Kafka indexing service - questions

Hi,
We started using Kafka indexing service because we have been told it can partition our segments
and ensure out segments won’t be above X Mega.
I have some questions about the configuration.

  1. Which property will ensure our segment size?
  2. How does the Kafka indexing service partition the segment? what is the recommended partition size?
  3. How can we stop the task of indexing-service, modify it, and continue reading events where we stop.
  4. What is the meaning of the property taskDuration, if the duration is 1 hour how we can ensure the segment will be the size mentioned in the property maxRowsPerSegment

Thx,
Alon

Hi Alon,

Most of your questions can be answered directly through the druid docs

  1. Which property will ensure our segment size?

Refer to KafkaSuperviorTuningConfig header for detail - http://druid.io/docs/latest/development/extensions-core/kafka-ingestion

  1. How does the Kafka indexing service partition the segment? what is the recommended partition size?

Kafka indexing service creates partitions based on the the segment size specified and number of partitions in the kafka topic.
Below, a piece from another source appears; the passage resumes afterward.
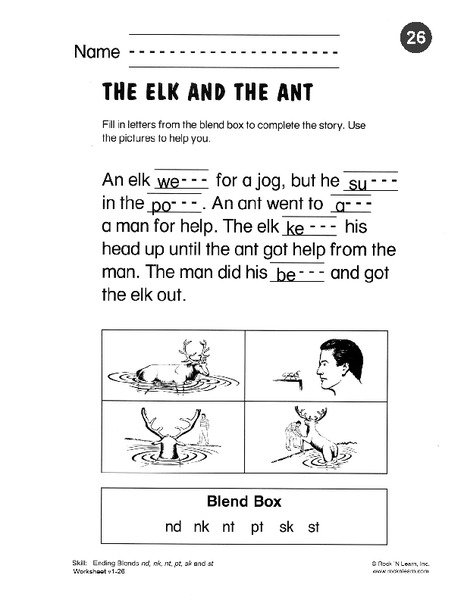 Ending Blends nd, nk, nt, pt, sk, and st Worksheet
  1. How can we stop the task of indexing-service, modify it, and continue reading events where we stop.
    Refer to Operations header - http://druid.io/docs/latest/development/extensions-core/kafka-ingestion

  2. What is the meaning of the property taskDuration, if the duration is 1 hour how we can ensure the segment will be the size mentioned in the property maxRowsPerSegment

taskDuration means for how long your ingestion task is going to run irrespective of the number of segments created. Once that time is lapsed, the supervisor would gracefully shut that process down, publish the segments and start a new process.